*TRY IT*.
Exactly as they stand, the data below are to be printed again.
---- RECORDS
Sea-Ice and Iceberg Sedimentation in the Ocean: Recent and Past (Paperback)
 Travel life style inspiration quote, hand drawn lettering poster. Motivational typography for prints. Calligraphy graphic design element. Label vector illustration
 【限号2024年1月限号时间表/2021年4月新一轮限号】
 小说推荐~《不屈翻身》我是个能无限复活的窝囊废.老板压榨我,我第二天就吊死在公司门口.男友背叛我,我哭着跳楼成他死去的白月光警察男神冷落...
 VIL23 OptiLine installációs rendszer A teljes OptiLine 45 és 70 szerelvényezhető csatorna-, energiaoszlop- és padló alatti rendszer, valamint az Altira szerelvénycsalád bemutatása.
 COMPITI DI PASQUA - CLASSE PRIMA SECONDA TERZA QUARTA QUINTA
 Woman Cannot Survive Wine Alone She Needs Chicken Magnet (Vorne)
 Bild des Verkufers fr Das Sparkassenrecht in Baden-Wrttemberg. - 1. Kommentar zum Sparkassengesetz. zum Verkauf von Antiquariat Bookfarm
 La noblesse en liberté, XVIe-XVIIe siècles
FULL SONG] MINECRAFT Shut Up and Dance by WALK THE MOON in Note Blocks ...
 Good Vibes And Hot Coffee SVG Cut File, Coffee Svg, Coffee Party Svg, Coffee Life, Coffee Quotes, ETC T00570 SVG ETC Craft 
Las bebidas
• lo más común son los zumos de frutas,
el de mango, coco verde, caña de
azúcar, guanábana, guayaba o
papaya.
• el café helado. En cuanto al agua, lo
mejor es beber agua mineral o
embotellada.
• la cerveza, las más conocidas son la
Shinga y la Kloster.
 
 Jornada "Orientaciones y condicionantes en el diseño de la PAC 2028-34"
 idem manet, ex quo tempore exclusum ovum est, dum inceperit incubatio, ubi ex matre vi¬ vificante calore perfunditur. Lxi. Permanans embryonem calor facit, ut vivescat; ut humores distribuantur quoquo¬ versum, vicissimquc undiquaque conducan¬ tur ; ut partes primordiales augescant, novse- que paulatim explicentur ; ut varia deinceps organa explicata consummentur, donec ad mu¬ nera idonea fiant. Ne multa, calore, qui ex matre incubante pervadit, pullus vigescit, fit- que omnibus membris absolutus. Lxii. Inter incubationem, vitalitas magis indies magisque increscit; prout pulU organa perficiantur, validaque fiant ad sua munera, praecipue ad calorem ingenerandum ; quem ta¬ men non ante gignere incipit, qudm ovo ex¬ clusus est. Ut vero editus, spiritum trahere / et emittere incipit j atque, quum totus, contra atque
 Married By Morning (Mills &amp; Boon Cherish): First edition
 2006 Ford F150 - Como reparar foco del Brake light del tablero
--------
*RESULT*.
Sea-Ice and Iceberg Sedimentation in the Ocean: Recent and Past (Paperback)
 Travel life style inspiration quote, hand drawn lettering poster. Motivational typography for prints. Calligraphy graphic design element. Label vector illustration
 【限号2024年1月限号时间表/2021年4月新一轮限号】
 小说推荐~《不屈翻身》我是个能无限复活的窝囊废.老板压榨我,我第二天就吊死在公司门口.男友背叛我,我哭着跳楼成他死去的白月光警察男神冷落...
 VIL23 OptiLine installációs rendszer A teljes OptiLine 45 és 70 szerelvényezhető csatorna-, energiaoszlop- és padló alatti rendszer, valamint az Altira szerelvénycsalád bemutatása.
 COMPITI DI PASQUA - CLASSE PRIMA SECONDA TERZA QUARTA QUINTA
 Woman Cannot Survive Wine Alone She Needs Chicken Magnet (Vorne)
 Bild des Verkufers fr Das Sparkassenrecht in Baden-Wrttemberg. - 1. Kommentar zum Sparkassengesetz. zum Verkauf von Antiquariat Bookfarm
 La noblesse en liberté, XVIe-XVIIe siècles
FULL SONG] MINECRAFT Shut Up and Dance by WALK THE MOON in Note Blocks ...
 Good Vibes And Hot Coffee SVG Cut File, Coffee Svg, Coffee Party Svg, Coffee Life, Coffee Quotes, ETC T00570 SVG ETC Craft 
Las bebidas
• lo más común son los zumos de frutas,
el de mango, coco verde, caña de
azúcar, guanábana, guayaba o
papaya.
• el café helado. En cuanto al agua, lo
mejor es beber agua mineral o
embotellada.
• la cerveza, las más conocidas son la
Shinga y la Kloster.
 
 Jornada "Orientaciones y condicionantes en el diseño de la PAC 2028-34"
 idem manet, ex quo tempore exclusum ovum est, dum inceperit incubatio, ubi ex matre vi¬ vificante calore perfunditur. Lxi. Permanans embryonem calor facit, ut vivescat; ut humores distribuantur quoquo¬ versum, vicissimquc undiquaque conducan¬ tur ; ut partes primordiales augescant, novse- que paulatim explicentur ; ut varia deinceps organa explicata consummentur, donec ad mu¬ nera idonea fiant. Ne multa, calore, qui ex matre incubante pervadit, pullus vigescit, fit- que omnibus membris absolutus. Lxii. Inter incubationem, vitalitas magis indies magisque increscit; prout pulU organa perficiantur, validaque fiant ad sua munera, praecipue ad calorem ingenerandum ; quem ta¬ men non ante gignere incipit, qudm ovo ex¬ clusus est. Ut vero editus, spiritum trahere / et emittere incipit j atque, quum totus, contra atque
 Married By Morning (Mills &amp; Boon Cherish): First edition
 2006 Ford F150 - Como reparar foco del Brake light del tablero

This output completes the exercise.